* What is required *
Could you write out, exactly as they stand, only the lines in the listing below from the line with "Graphic Print High Waist Straight Leg Pants" to the line with "Mango Wide-Leg Drawstring Pants in Beige", both ends included, without the pictures?

* Record excerpts *

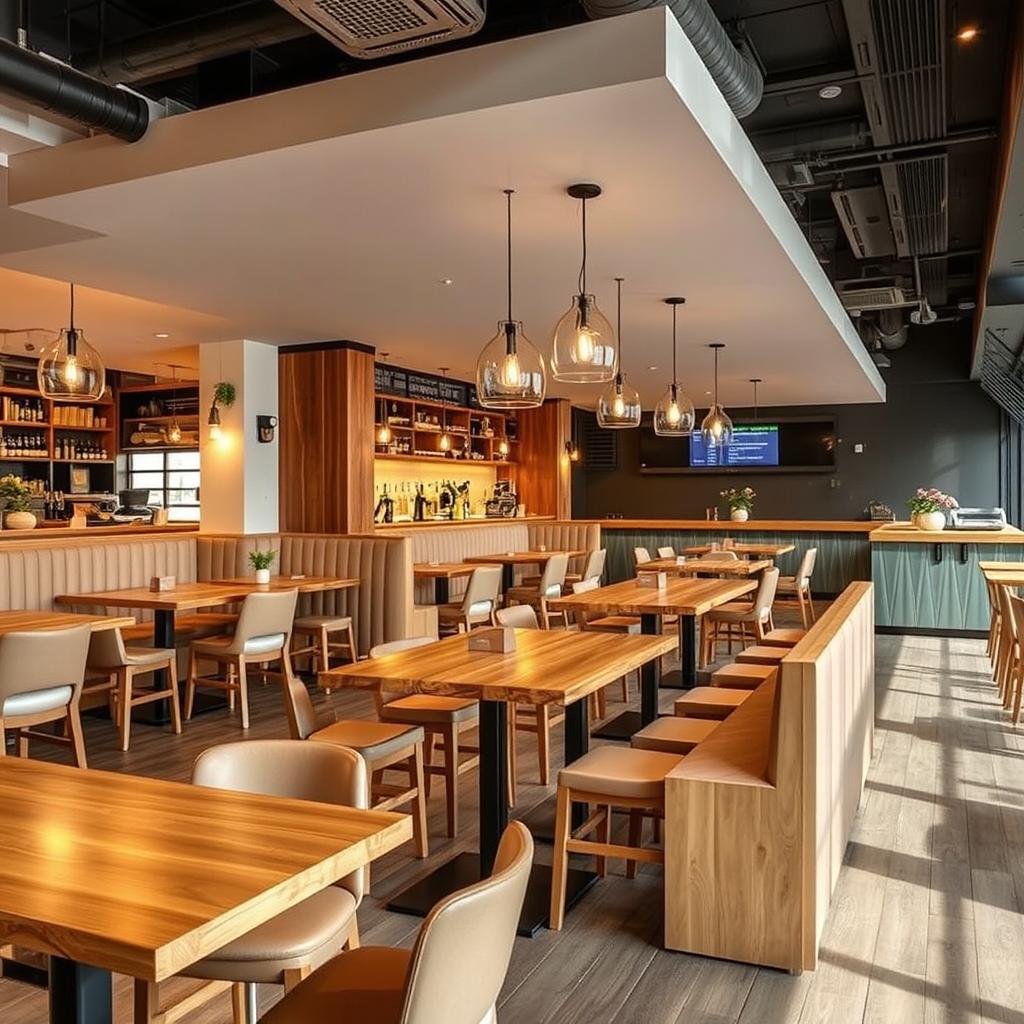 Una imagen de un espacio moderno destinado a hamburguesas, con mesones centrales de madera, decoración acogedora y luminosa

---

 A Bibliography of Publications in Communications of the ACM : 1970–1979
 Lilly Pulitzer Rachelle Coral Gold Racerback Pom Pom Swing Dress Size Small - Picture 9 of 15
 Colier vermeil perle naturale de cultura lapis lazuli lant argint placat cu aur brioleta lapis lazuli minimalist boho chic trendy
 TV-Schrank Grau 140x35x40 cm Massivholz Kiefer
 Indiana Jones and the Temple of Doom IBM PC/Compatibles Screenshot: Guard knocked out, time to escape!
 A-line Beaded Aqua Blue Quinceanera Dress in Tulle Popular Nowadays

---

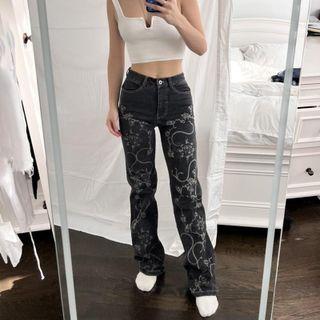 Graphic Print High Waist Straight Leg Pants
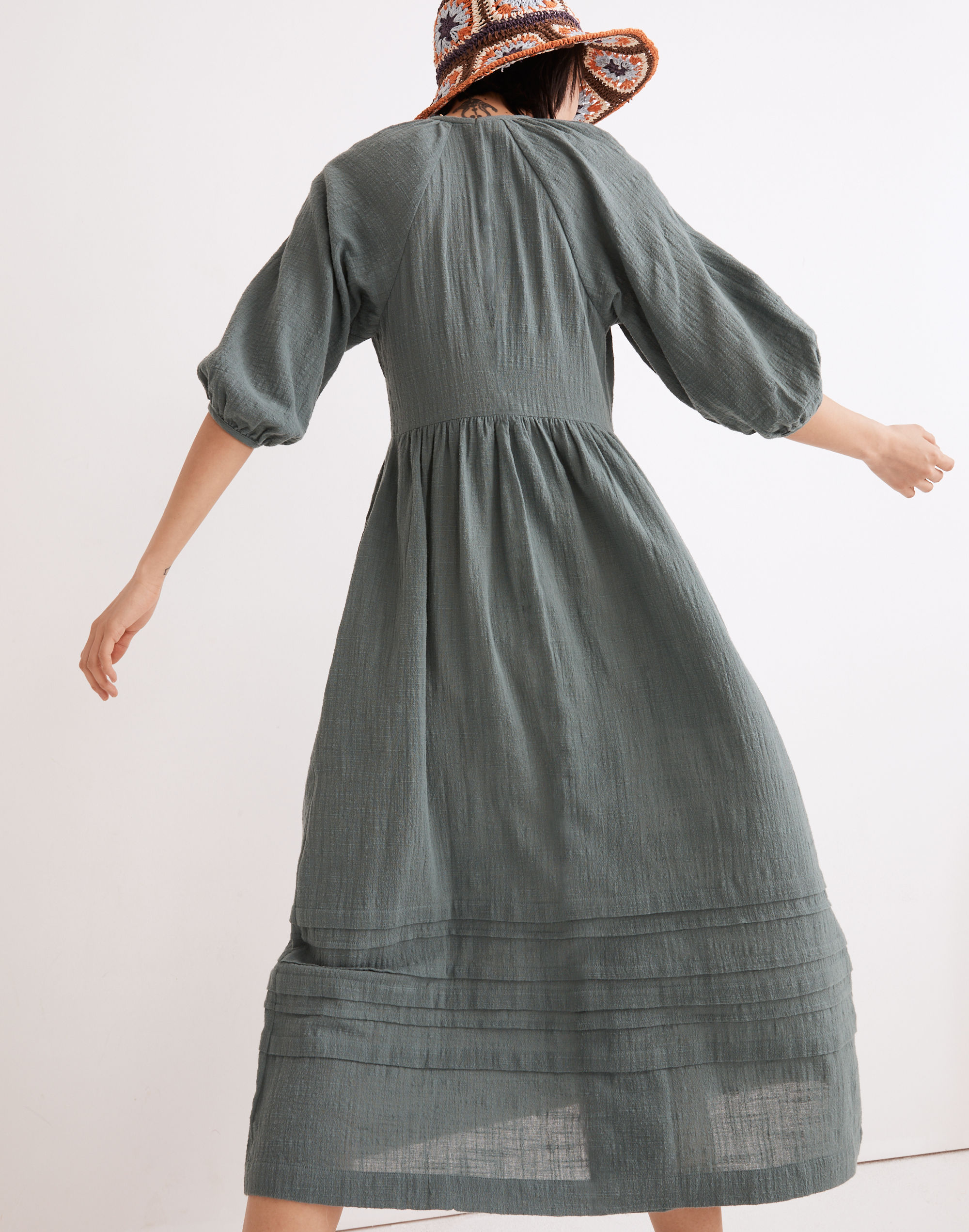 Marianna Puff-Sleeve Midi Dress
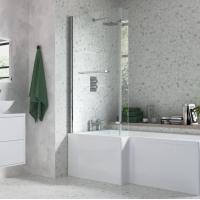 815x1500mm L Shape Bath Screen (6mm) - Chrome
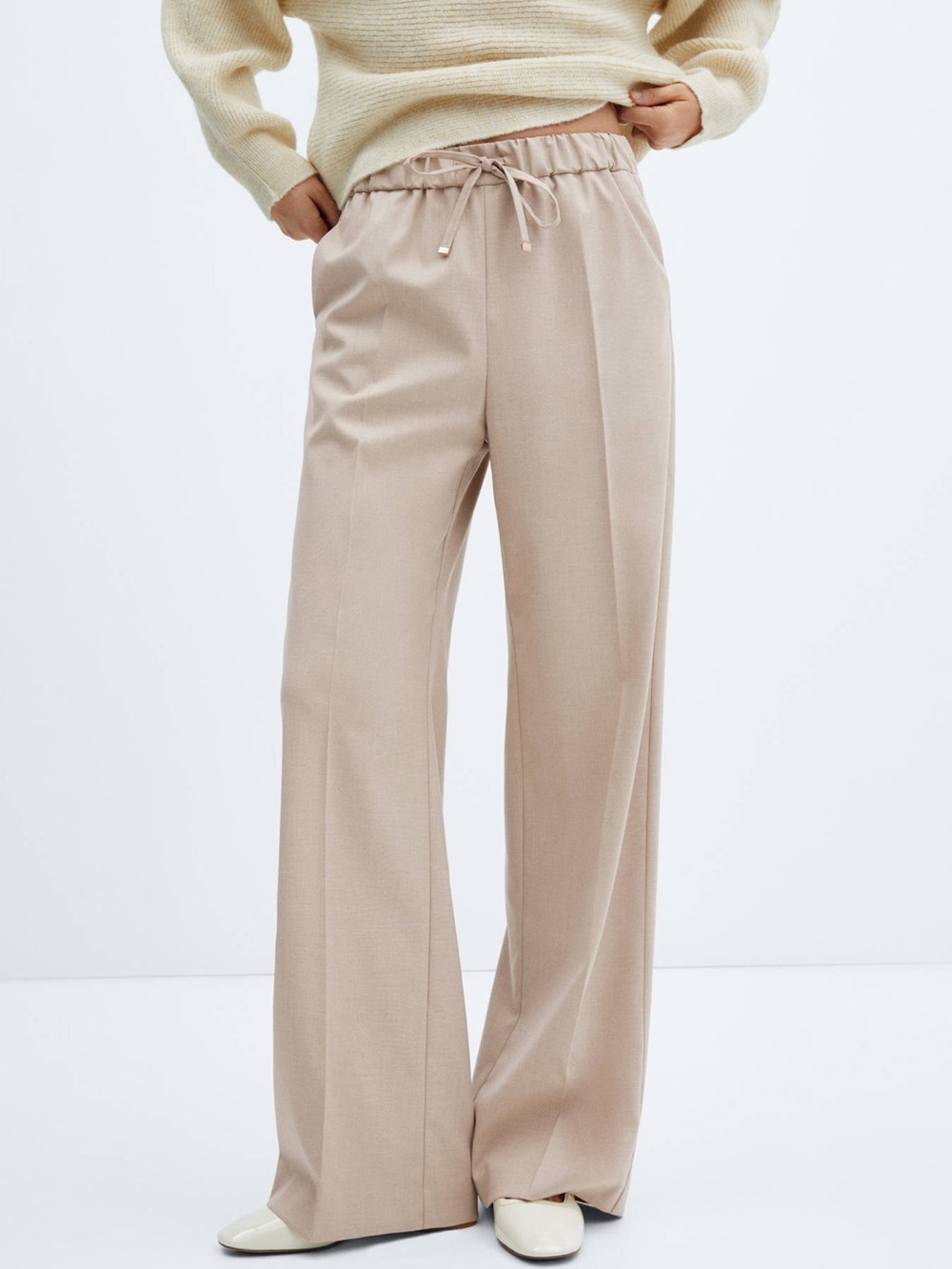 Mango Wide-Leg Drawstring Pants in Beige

* Output for this task *
 Graphic Print High Waist Straight Leg Pants
 Marianna Puff-Sleeve Midi Dress
 815x1500mm L Shape Bath Screen (6mm) - Chrome
 Mango Wide-Leg Drawstring Pants in Beige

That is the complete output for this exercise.